I promise I have not abandoned this blog after just 3 posts. I tried and failed to write this a few times, but I just decided to publish because I want to move on. Enjoy (or not)!
In January, AI Impacts released a paper analyzing a survey of thousands of AI experts1 on their predictions for the field. It’s a follow-up to similar surveys in 2016 and 2022, and the main takeaways were general uncertainty, a shift toward earlier expectations of advanced AI, and a predicted higher chance of very bad outcomes. Example questions:2
How many years until you expect a 10% probability of high-level machine intelligence existing?
How likely [in %] do you think it is that the following AI task will be feasible within the next 50 years: routinely and autonomously prove mathematical theorems that are publishable in top mathematics journals today, including generating the theorems to prove.
Imagine that over the past decade, there had been half as much progress in AI algorithms.
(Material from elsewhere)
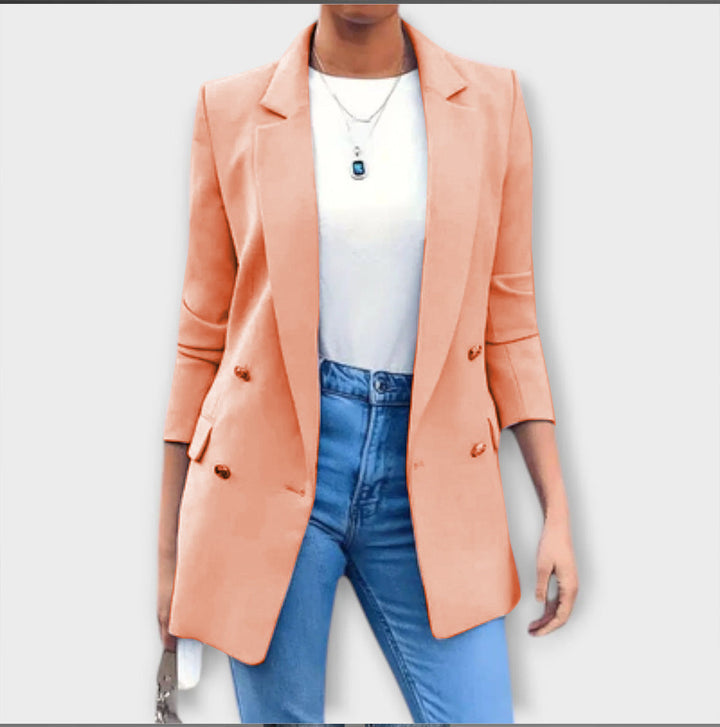 Liina elegantne kaminsims - stiilne koduaksessuaar.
You might imagine this as conceptual insights being half as frequent. How much less progress [in %] in AI capabilities would you expect to have seen?
There have been discussions on the validity of this study. The most common critique I’ve seen (which the paper does acknowledge) is whether being an “AI expert” means you can accurately forecast. Having technical expertise does not mean you can predict where things are going. Overall, I think we should be cautious about what we take away from these surveys; it may be important to take a pulse, but it is just one measurement. My take is that these studies measured AI hype more than anything else.
There’s also something troubling to me about the milestone questions. Some participants were asked to estimate the probability of an event given a year (e.g. second bullet). But are we really capable of estimating a probability, an actual number between 0 and 100, for a future event? When you dig deep, what are these estimates based on? I think intuitions are important provided we are upfront that this is what they are. But I worry that invoking probability in this way gives a false sense of objectivity, one that feels quite arrogant, to what is really just vibes3. Questions with graded responses feel more honest, such as where choices were one of “{very unlikely, unlikely, even odds, likely, very likely}” or one of “{no, a little, substantial, extreme} concern”. Did the conclusions drawn from this study require more than this level of precision?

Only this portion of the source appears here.